Mozarts "Requiem" was a nice touch!

Guess the decoy will know better next time...theres a reason a french suit has a set of pants :mrgreen: 

The man guard was okay, move the decoy away from the container about 4 feet, place the dog behind the decoy. Have him guard from the back. It's not in the rules but it just works better. 

Transport of the decoy, you, decoy, dog. In one line, not dog bouncing infront of the decoy. Have him walk on the other side of the decoy at the knee of the decoy. This because if the decoy runs your dog will miss the bite to stop the decoy from doing so. 

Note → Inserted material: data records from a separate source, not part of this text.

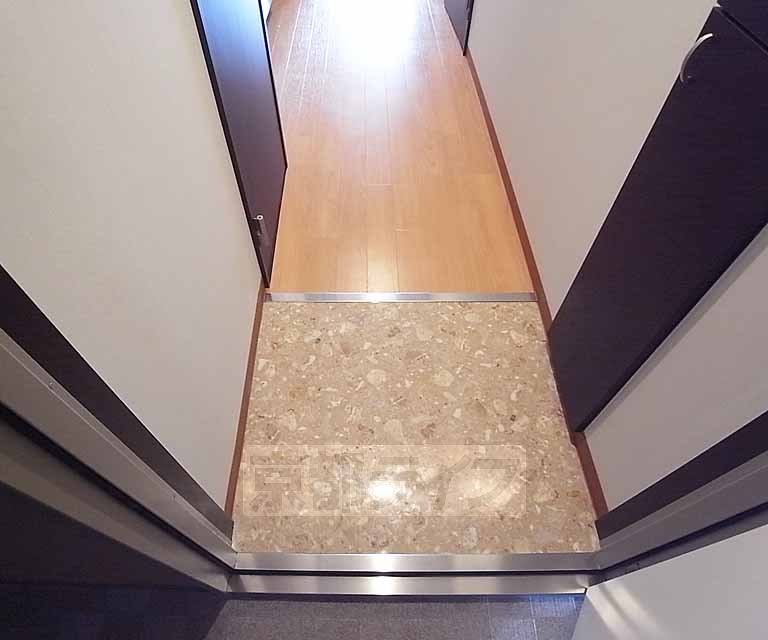 玄関　オシャレなタイルの玄関です。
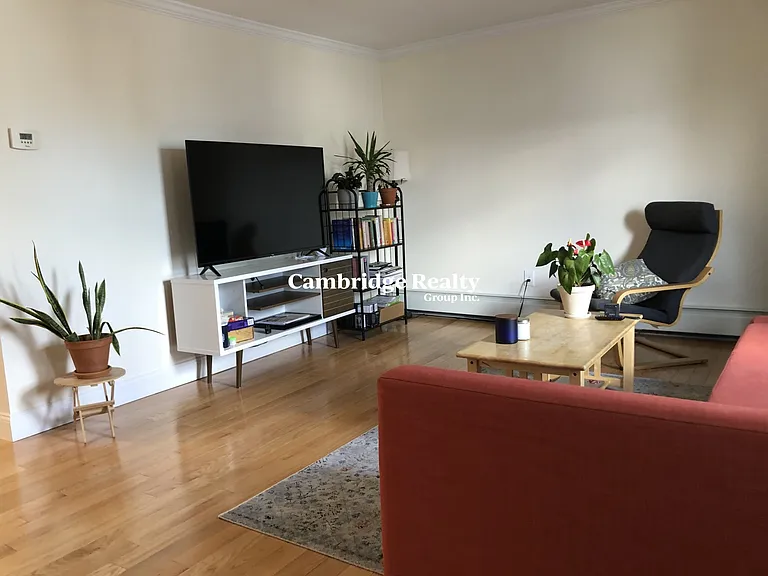 16 Westford St #8T — Photo 8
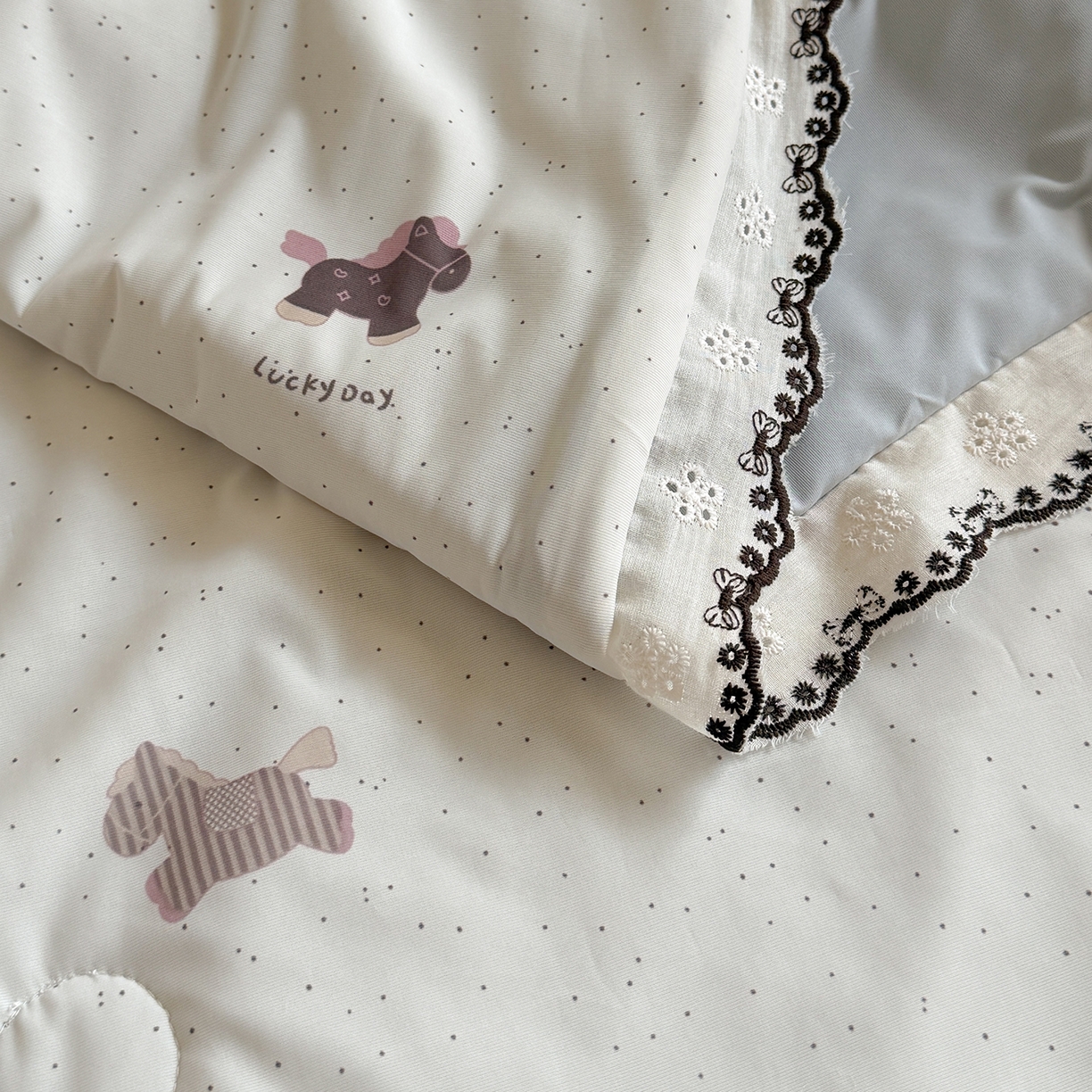 91家纺网 家纺一手货源 找家纺 Sweet dreams甜梦 2026新款A类蕾丝花边锦氨凉感夏凉被 星星木马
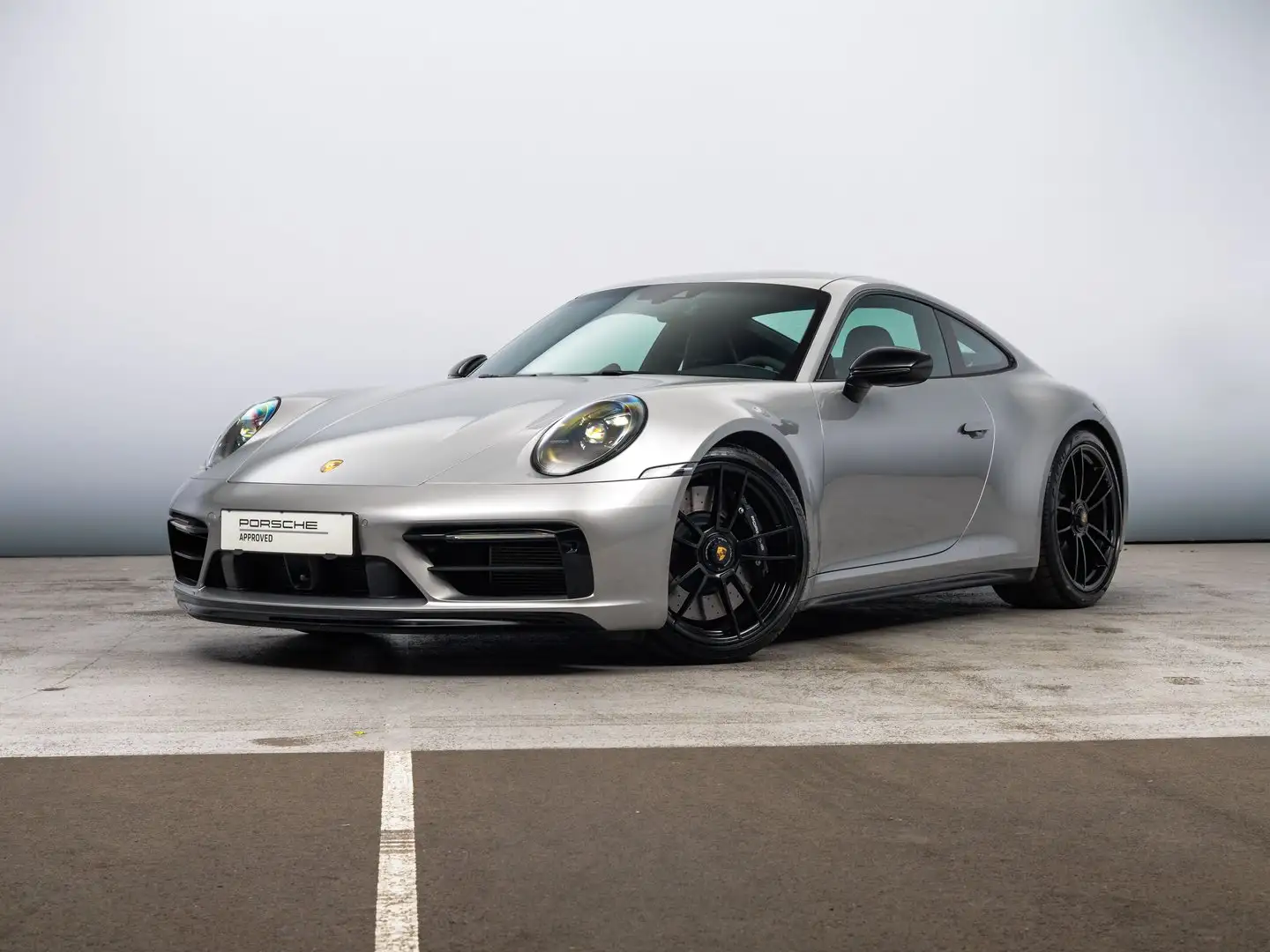 Porsche 911 Carrera GTS Grau - 1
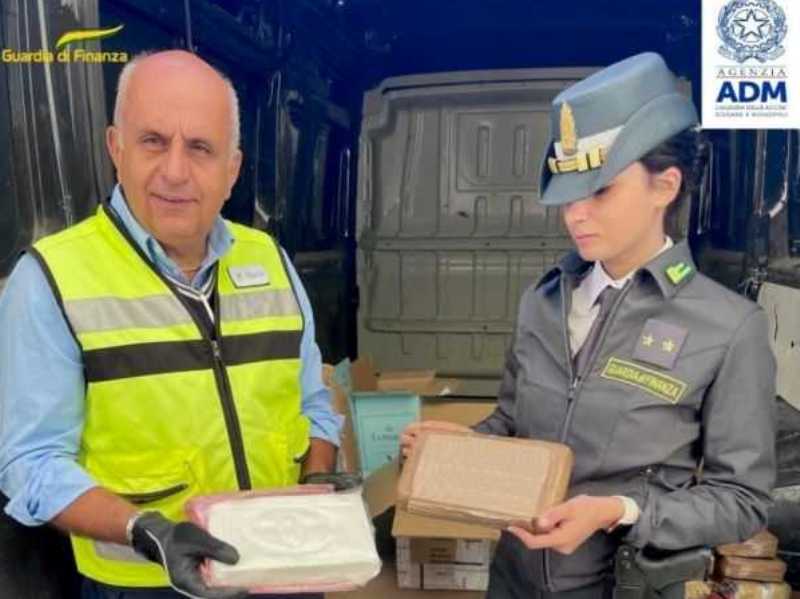 Trovati 55 kg di cocaina pura in un container al porto di Livorno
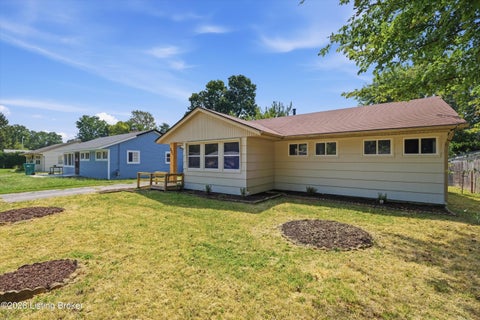 Tiny photo for 221 Welburn Dr, Louisville, KY 40218 (MLS # 1728944)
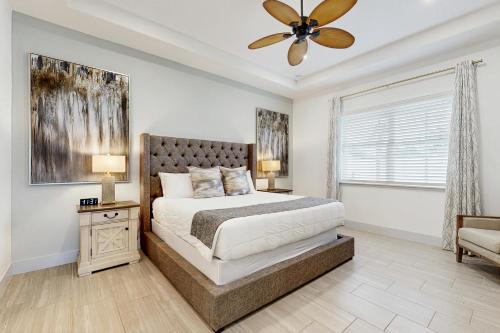 Postel nebo postele na pokoji v ubytování Enchanting house with heated pool, full kitchen, central AC, & washer/dryer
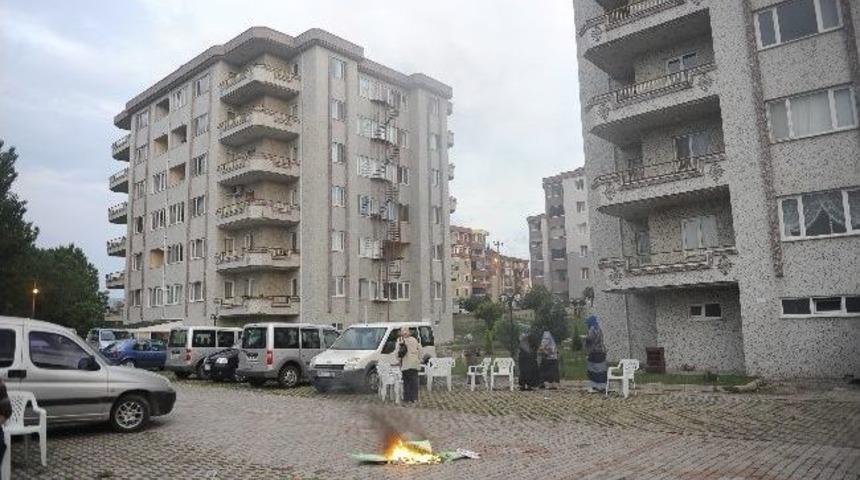 &Ccedil;anakkale&rsquo;de Depreme Dayanıklı Olmayan 10 Bina Boşaltıldı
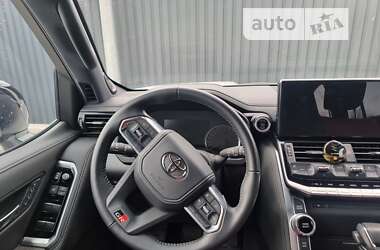 Внедорожник / Кроссовер Toyota Land Cruiser 2022 в 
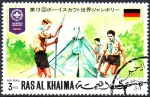 Sellos de Asia - Emiratos rabes Unidos -  MOVIMIENTO  SCOUT.  ARMANDO  TIENDA  DE  CAMPAÑA.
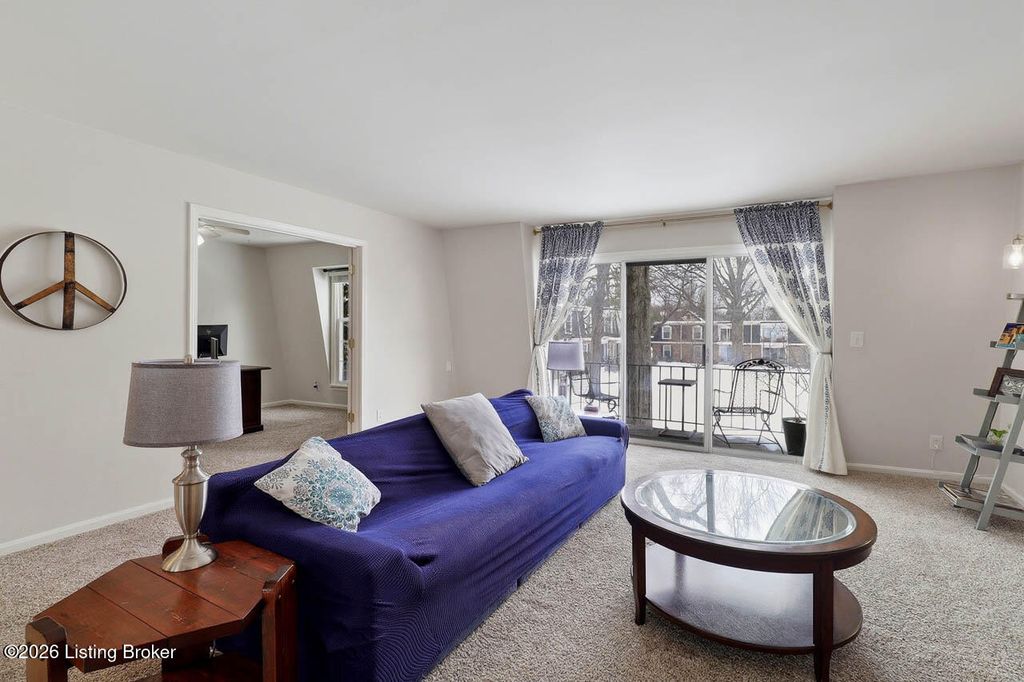 Photo of 521 Zorn Ave #F4, Louisville, KY 40206 (MLS # 1708444)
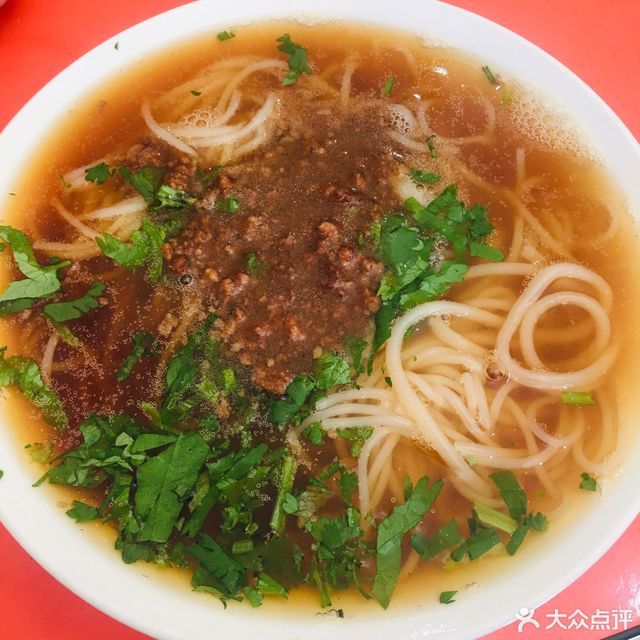 推荐菜:可口热面位于双鸭山市尖山区三利外围好吃佬隔壁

Small note. When dog is in position next to you make sure he is NEXT to you...not 3 ft in front. 

Thanks for sharing.


----------



## ben litchfield (Nov 8, 2009)

sorry i watch different clips on places like you tube and try to achieve them with my dog,i thought that was a knpv type escort but it was an NVBK as the clip below shows in the first minute.thanks for your input though

http://youtu.be/JTVeD7rf1qc


----------



## Alice Bezemer (Aug 4, 2010)

ben litchfield said:


> sorry i watch different clips on places like you tube and try to achieve them with my dog,i thought that was a knpv type escort but it was an NVBK as the clip below shows in the first minute.thanks for your input though
> 
> http://youtu.be/JTVeD7rf1qc



here's a clip I found on youtube for you of the transport of the decoy.

http://youtu.be/Szum6o5-iBk


----------



## ben litchfield (Nov 8, 2009)

thank you,shame there's no clubs here in the uk.i really would like to have a go at the test with one of my dogs


----------



## Thomas Barriano (Mar 27, 2006)

ben litchfield said:


> thank you,shame there's no clubs here in the uk.i really would like to have a go at the test with one of my dogs


There's no KNPV in the USA either and we're a lot bigger. At least you can visit Holland to see real KNPV training a lot easier (affordable) then for us


----------



## ben litchfield (Nov 8, 2009)

people keep threatening to start clubs here in the uk but we will have to see,its all going on over here at the minute.knpv champs just been then mondio in Calais followed i believe by the nvbk in Belgium.still to far in my opinion to enter it seriously due to the lack of people with proper knowledge.


----------



## Colin Chin (Sep 20, 2006)

Good job to both the owner and dog. Cheers.


----------



## Ben Thompson (May 2, 2009)

I didn't think KNPV sanctioned clubs outside of the netherlands... always wear a cup when training bite work.


----------